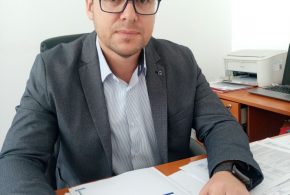 Subprefectul Teodor Radoi: „La Prefectura nu se face politica, usa mea este deschisa pentru toti dambovitenii”
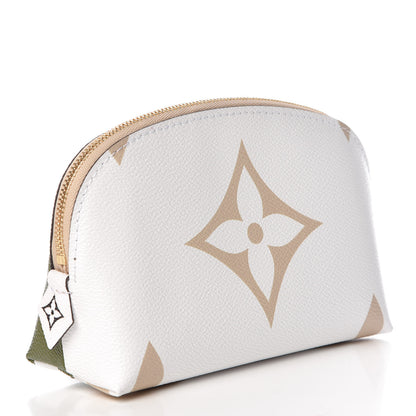 Louis Vuitton Monogram Giant Cosmetic Pouch Kaki 3 of 9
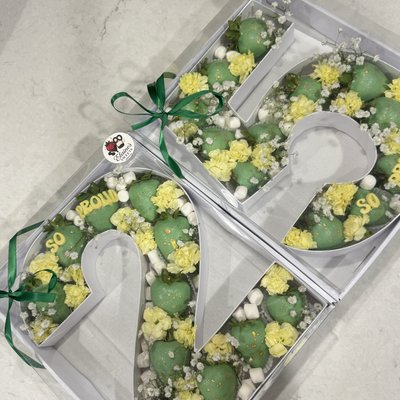 Letter/Number Arrangements WITH FLOWERS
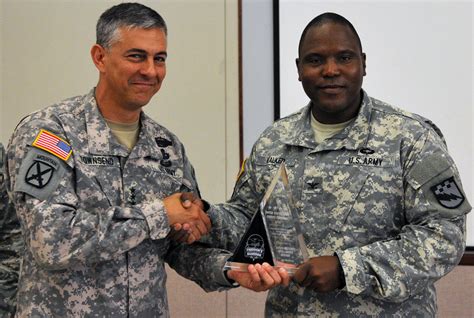 Xxviii Airborne Corps Commanding General Visits The 525th Mi Bde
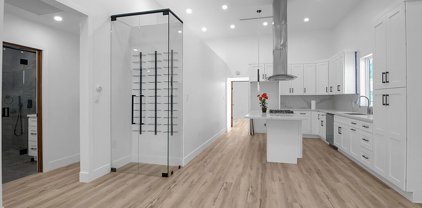 5015  Noble Ave, Sherman Oaks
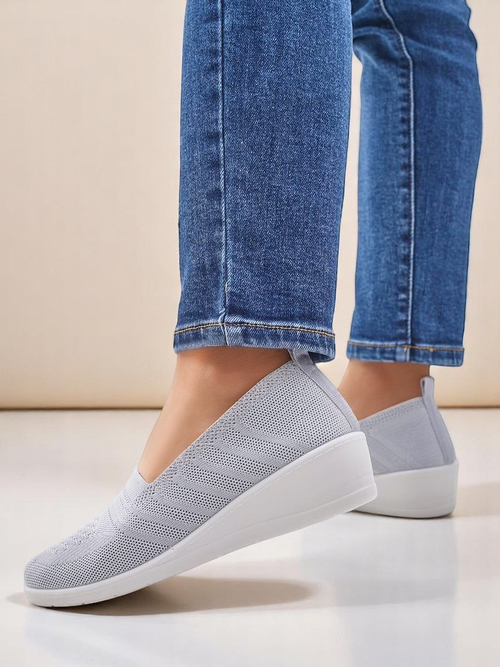 Royalfashion Жіночі мокасини на низькому підборі Epoles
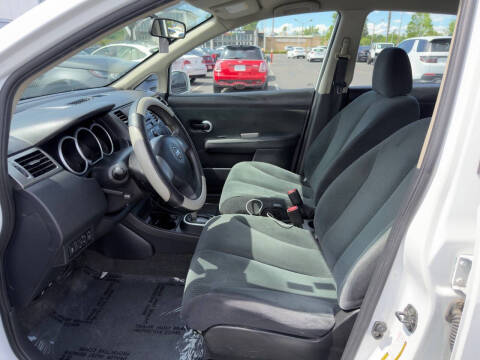 2012 Nissan Versa 1.8 S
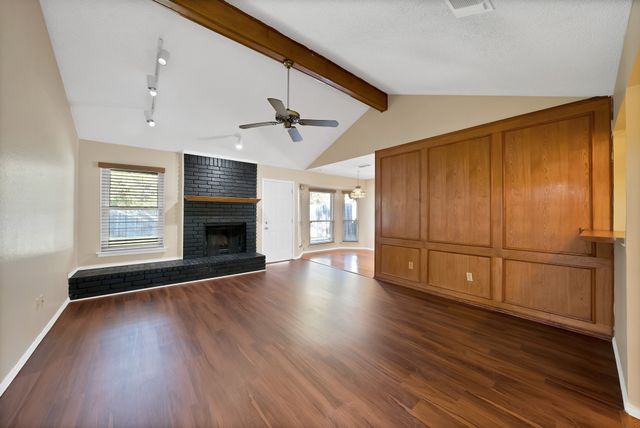 2117 Chapel Downs Drive, Arlington, TX 76017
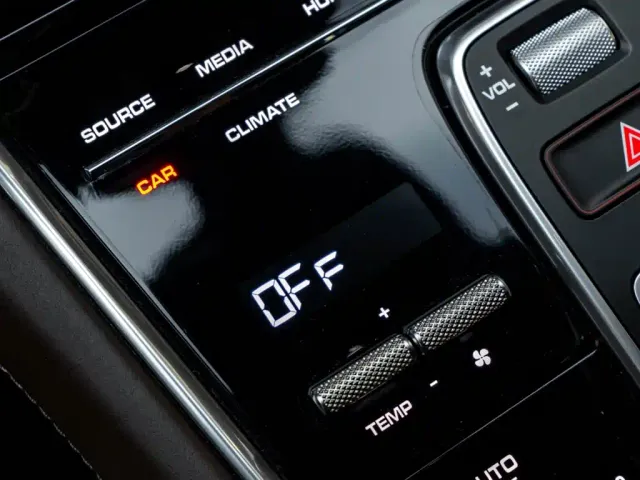 Porsche Panamera — Фото автомобиля 22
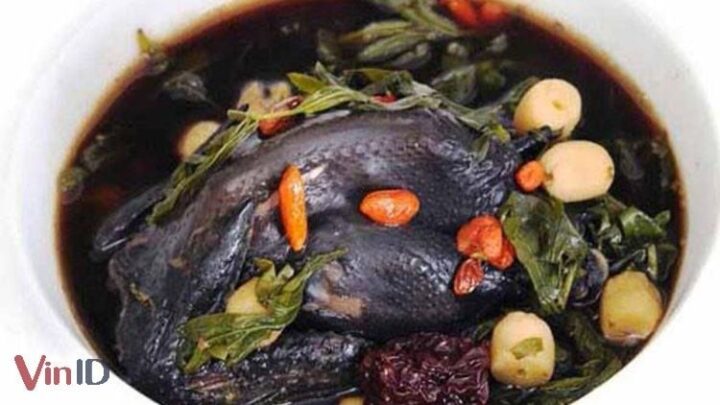 Gà ác hầm đậu đen thơm ngon, bổ dưỡng cho sức khỏe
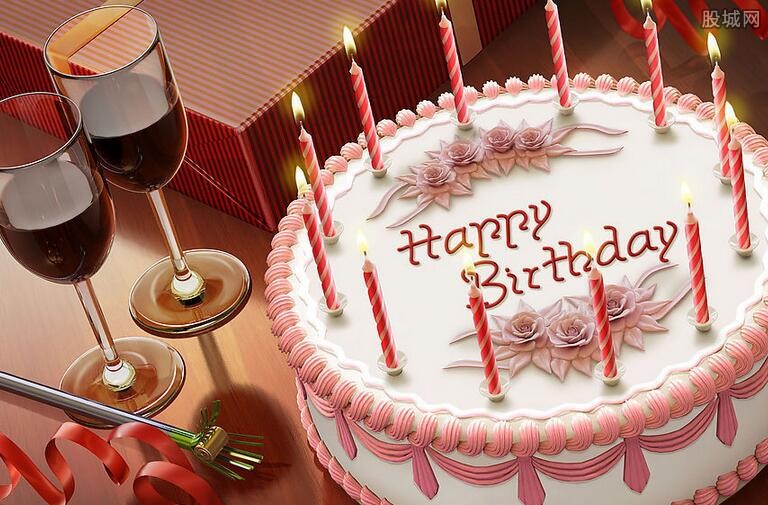 窦靖童为奶奶庆生 生日蛋糕价格一般多少钱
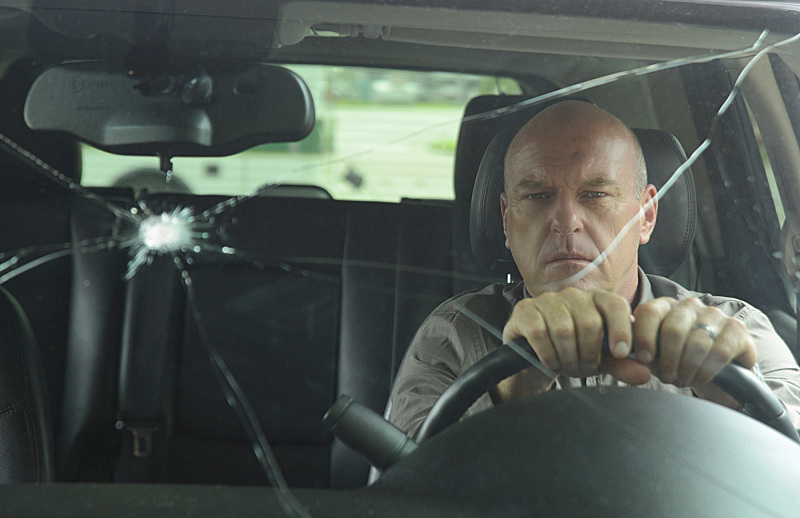 Still of Dean Norris in Under the Dome (2013)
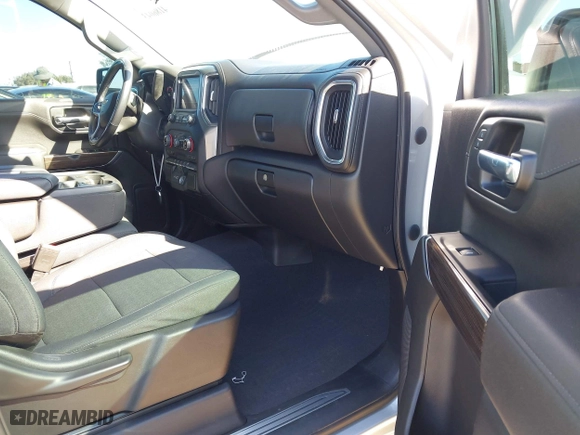 2019 Chevrolet Silverado 1500 LT with VIN 3GCPWCED9KG288268, listed as a IAAI auction lot 41860439 with 61,954 mi miles. Bid and sale history available at carsss.com. Image 5.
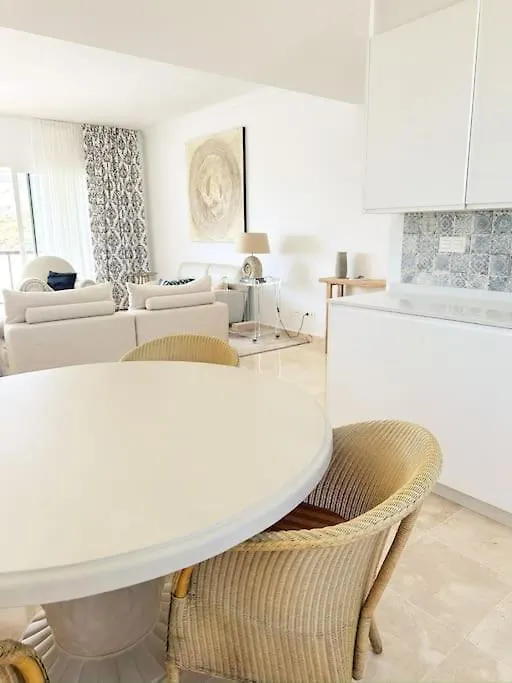Oceanview Luxury Penthouse Apartment Estepona 0*,  Spain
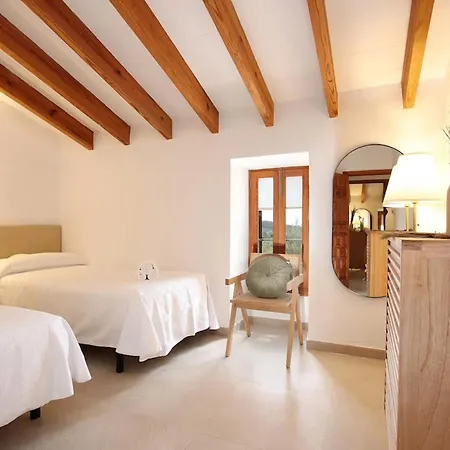 빌라 Rustic House Recently Renovated With Views To The Mountains By Renthousing 포엔샤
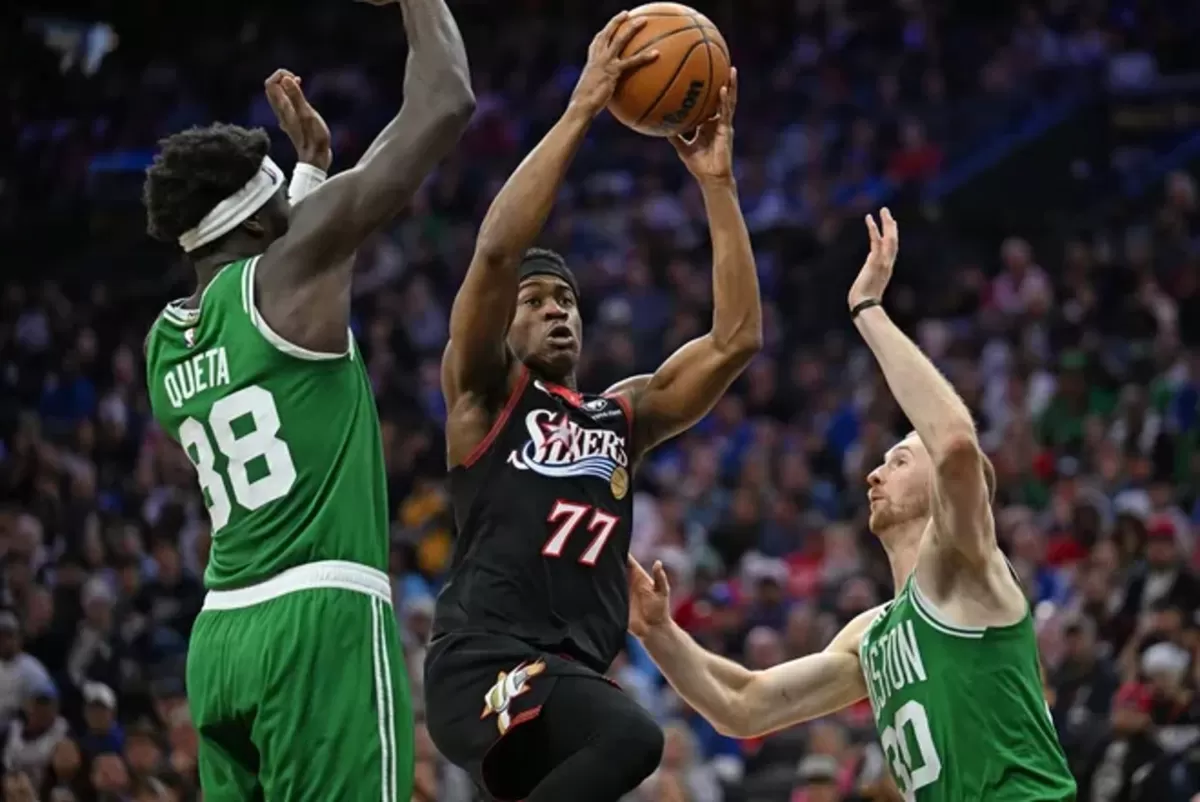 Guard 76ers Vj Edgecombe (77) yang melakukan layup berusaha dihalangi dua center Celtics Neemias Queta (88) dan forward Sam Hauser (30) saat paruh waktu kedua di Xfinity Mobile Arena, 27 April.  (sixerswire)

TASK PROMPT :: The span to retype runs from the line containing "Porsche Panamera — Фото автомобиля 22" through the last line of the listing above, both ends included; copy it exactly, without pictures.

RESULT OF THIS EXERCISE ::
 Porsche Panamera — Фото автомобиля 22
 Gà ác hầm đậu đen thơm ngon, bổ dưỡng cho sức khỏe
 窦靖童为奶奶庆生 生日蛋糕价格一般多少钱
 Still of Dean Norris in Under the Dome (2013)
 2019 Chevrolet Silverado 1500 LT with VIN 3GCPWCED9KG288268, listed as a IAAI auction lot 41860439 with 61,954 mi miles. Bid and sale history available at carsss.com. Image 5.
Oceanview Luxury Penthouse Apartment Estepona 0*,  Spain
 빌라 Rustic House Recently Renovated With Views To The Mountains By Renthousing 포엔샤
 Guard 76ers Vj Edgecombe (77) yang melakukan layup berusaha dihalangi dua center Celtics Neemias Queta (88) dan forward Sam Hauser (30) saat paruh waktu kedua di Xfinity Mobile Arena, 27 April.  (sixerswire)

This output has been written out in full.